(Extracted records)

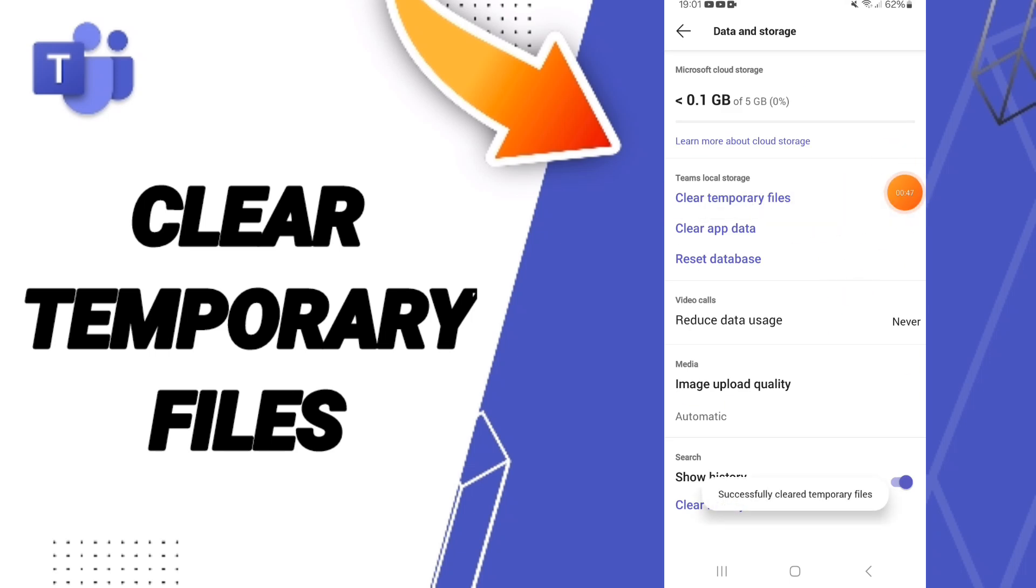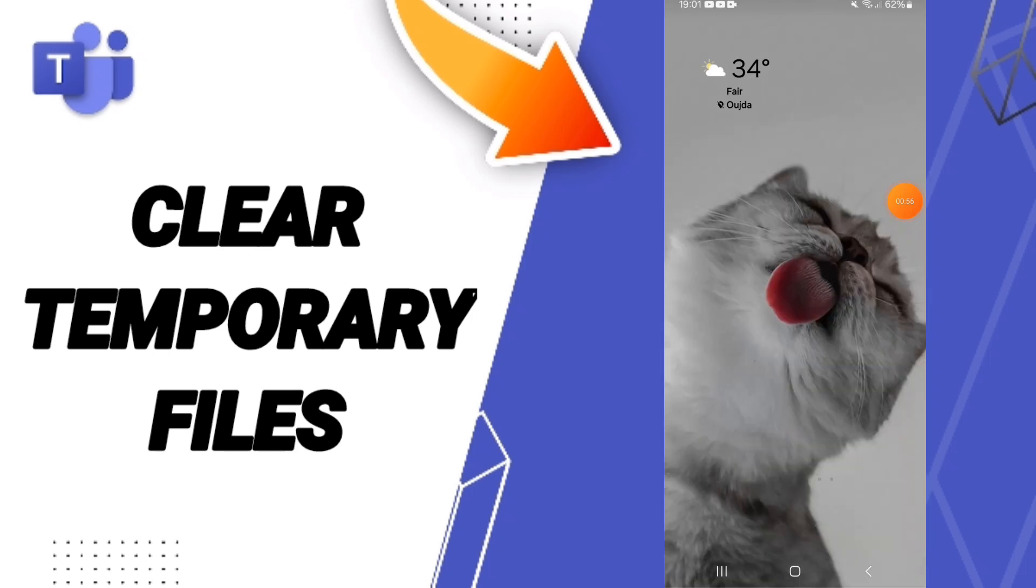As you see, you can know how to clear temporary files on the application of Microsoft Teams here. So please don't forget to support us with a like and subscribe. See you next time.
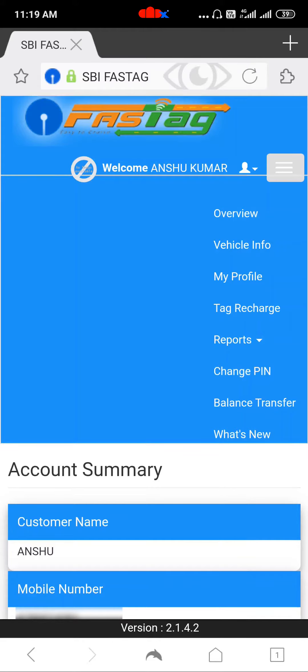If you tap on Vehicle Info, you will get all the details related to your vehicle — your Chassis Number, your Vehicle Number and other details.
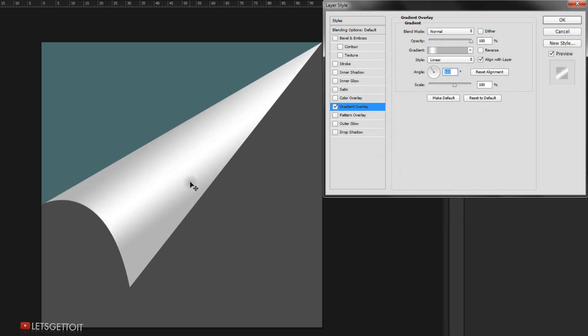I think it looks good. I'm going to bring the opacity down a little bit, maybe around 70% or 75%.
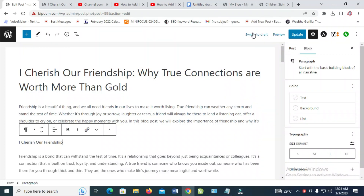Good day everyone! In this video today, I will show you how to add a subheading in WordPress.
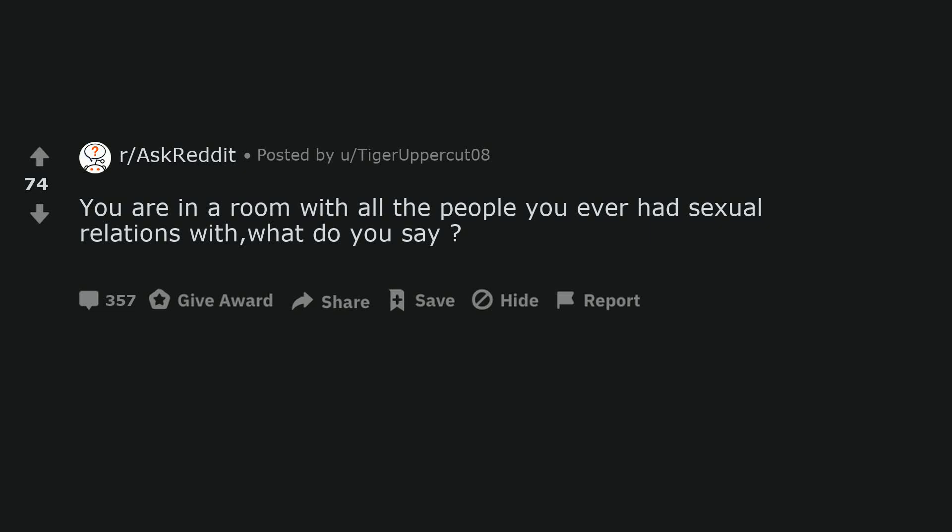You are in a room with all the people you ever had sexual relations with, what do you say? It's two people. Not that awkward a situation.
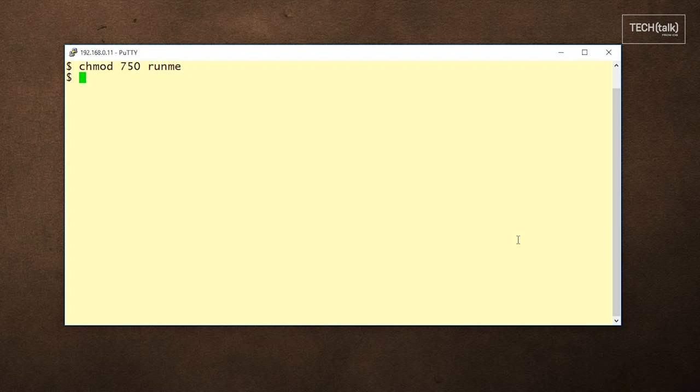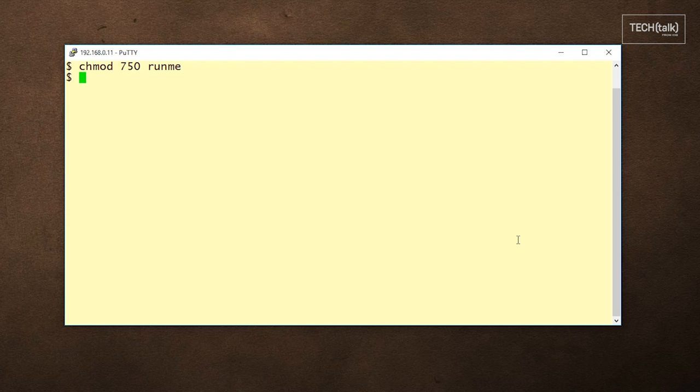Also note that each of these digits is an octal number, so they can range in value from 0 to 7. 7 in binary is 111, so this means that read, write, and execute permissions are being assigned to the owner, whereas to the group we're just assigning read and execute and giving no permissions to anyone else.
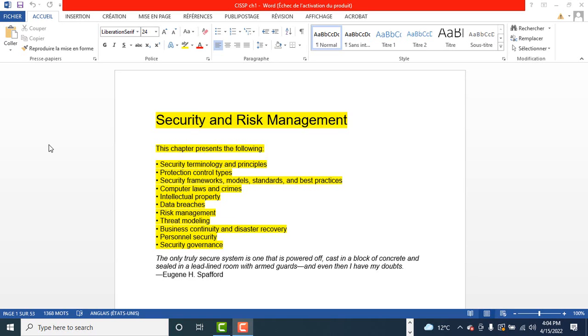The next topic is security, governance, and compliance, legal and regulatory issues, professional ethics, personnel security policies, risk management, and threat modeling. Again, this is the security and risk management domain.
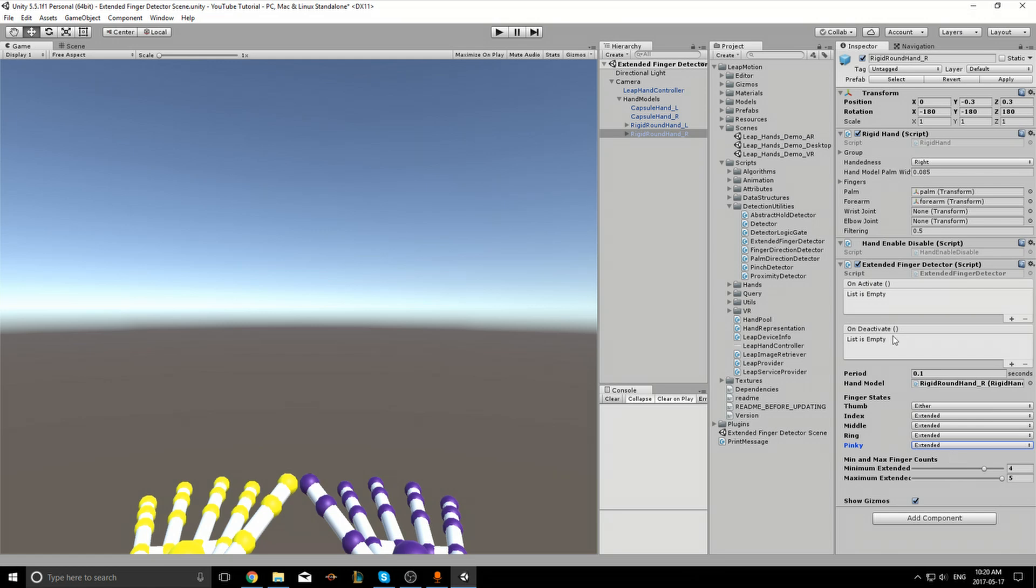I'll leave the thumb as either. So the moment one of these conditions are not met, the on deactivate Unity event will trigger, and the moment all these conditions are satisfied, the on activate Unity event will trigger. I'll demonstrate what the min and max finger counts do later in this video. Now the on activate and on deactivate need some functions to call when they are triggered.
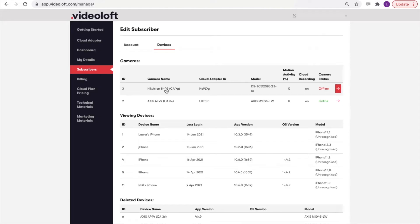If you're a security professional adding Videoloft to your customers' security systems, you'll have access to the Videoloft partner portal. Here you can see camera health information for all of your customer cameras. By subscriber, you can see a list of camera names, which cloud adapter they're installed on, and most importantly whether they're online or offline.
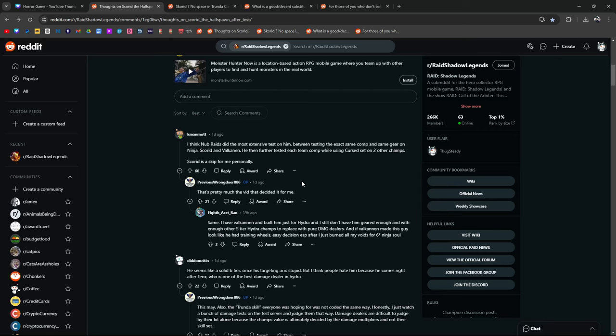I think Nub Raids did the most extensive test on him, testing the same exact comp and the same gear on Ninja, Scored, and Valkannon. He then further tested each team using Cursed set and two other champs. Scored is a skip for me personally. I have Valkannon and built him just for Hydra, still don't have him geared with enough other S-tier Hydra champs.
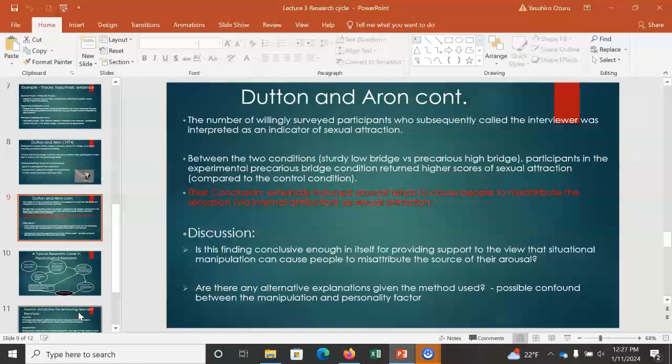If you are sensation-seeking, you are more likely to call the attractive experimenter — that's an alternative interpretation. Therefore, a single experiment is always insufficient for reaching a clear conclusion. Multiple experiments are needed because there are multiple possible interpretations. I'd like you to think about what a second follow-up experiment would look like to really nail whether or not the hypothesis is actually true.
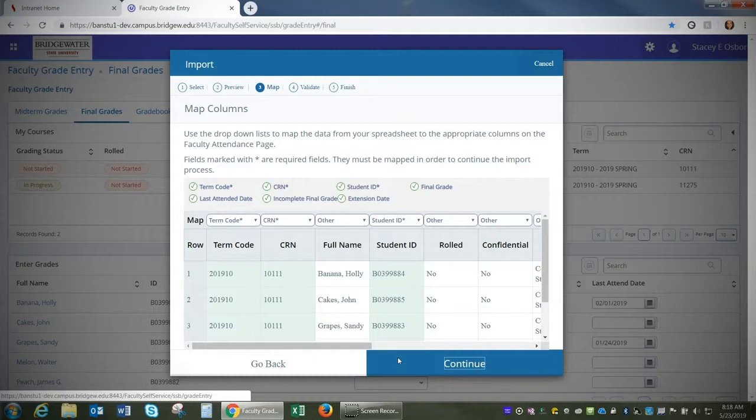The file must include the term, course reference number, student ID, final grade, incomplete final grade, extension date, and last date attended.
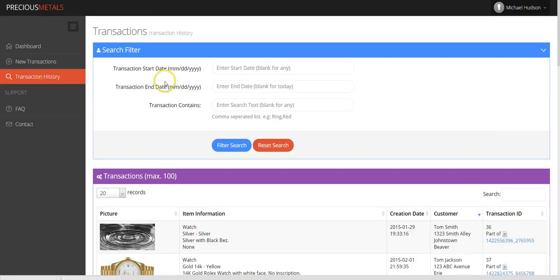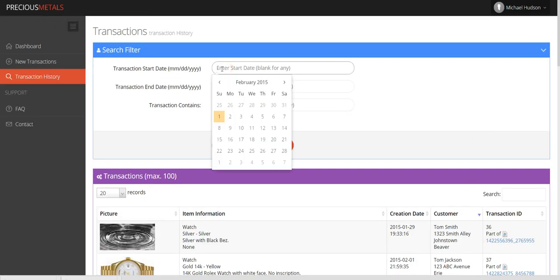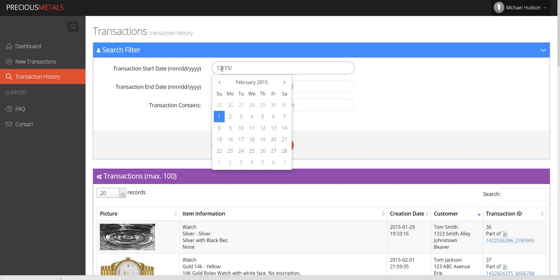Additionally, you will be able to add search filters including transaction start date, transaction end date, and any specific word contained in a given transaction.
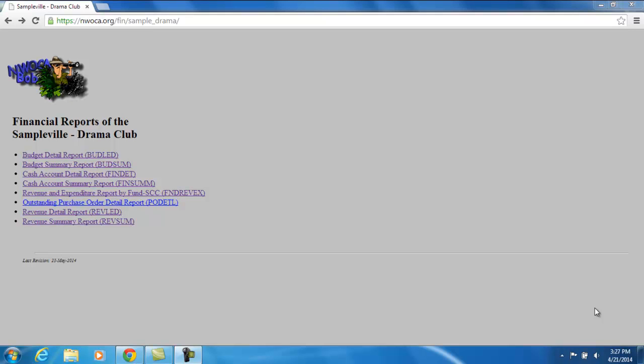This video will explain the Fund Rev-X Report — the Revenue and Expenditure Report by Fund Special Cost Center. The Fund Rev-X Report is a unique report because it contains a summarized report of both expenditure and received amounts, as well as fiscal year-to-date budgeted and receivable amounts per fund. So if you have access to specific cash accounts, this may prove to be a very worthwhile report for you.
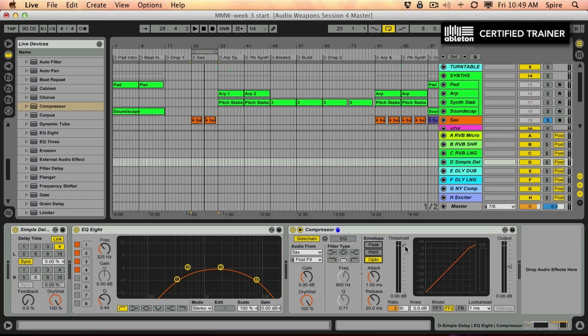Let's play with these settings a little bit and try and make the saxophone stand out by itself.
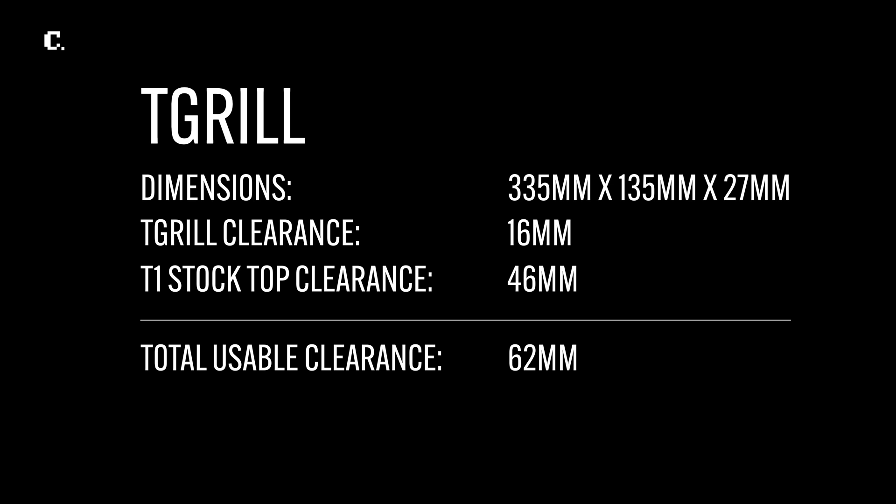With that 27 millimeters, only 16 is usable. Combine that 16 with the 46 you get with the case, you get roughly 62 millimeters of clearance.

# [Your instructions]
Each record should be written out exactly, and each image should be omitted.

# [Task response]
As you see, you can know how to clear temporary files on the application of Microsoft Teams here. So please don't forget to support us with a like and subscribe. See you next time.
If you tap on Vehicle Info, you will get all the details related to your vehicle — your Chassis Number, your Vehicle Number and other details.
I think it looks good. I'm going to bring the opacity down a little bit, maybe around 70% or 75%.
Good day everyone! In this video today, I will show you how to add a subheading in WordPress.
You are in a room with all the people you ever had sexual relations with, what do you say? It's two people. Not that awkward a situation.
Also note that each of these digits is an octal number, so they can range in value from 0 to 7. 7 in binary is 111, so this means that read, write, and execute permissions are being assigned to the owner, whereas to the group we're just assigning read and execute and giving no permissions to anyone else.
The next topic is security, governance, and compliance, legal and regulatory issues, professional ethics, personnel security policies, risk management, and threat modeling. Again, this is the security and risk management domain.
I'll leave the thumb as either. So the moment one of these conditions are not met, the on deactivate Unity event will trigger, and the moment all these conditions are satisfied, the on activate Unity event will trigger. I'll demonstrate what the min and max finger counts do later in this video. Now the on activate and on deactivate need some functions to call when they are triggered.
If you're a security professional adding Videoloft to your customers' security systems, you'll have access to the Videoloft partner portal. Here you can see camera health information for all of your customer cameras. By subscriber, you can see a list of camera names, which cloud adapter they're installed on, and most importantly whether they're online or offline.
I think Nub Raids did the most extensive test on him, testing the same exact comp and the same gear on Ninja, Scored, and Valkannon. He then further tested each team using Cursed set and two other champs. Scored is a skip for me personally. I have Valkannon and built him just for Hydra, still don't have him geared with enough other S-tier Hydra champs.
If you are sensation-seeking, you are more likely to call the attractive experimenter — that's an alternative interpretation. Therefore, a single experiment is always insufficient for reaching a clear conclusion. Multiple experiments are needed because there are multiple possible interpretations. I'd like you to think about what a second follow-up experiment would look like to really nail whether or not the hypothesis is actually true.
The file must include the term, course reference number, student ID, final grade, incomplete final grade, extension date, and last date attended.
Additionally, you will be able to add search filters including transaction start date, transaction end date, and any specific word contained in a given transaction.
This video will explain the Fund Rev-X Report — the Revenue and Expenditure Report by Fund Special Cost Center. The Fund Rev-X Report is a unique report because it contains a summarized report of both expenditure and received amounts, as well as fiscal year-to-date budgeted and receivable amounts per fund. So if you have access to specific cash accounts, this may prove to be a very worthwhile report for you.
Let's play with these settings a little bit and try and make the saxophone stand out by itself.
With that 27 millimeters, only 16 is usable. Combine that 16 with the 46 you get with the case, you get roughly 62 millimeters of clearance.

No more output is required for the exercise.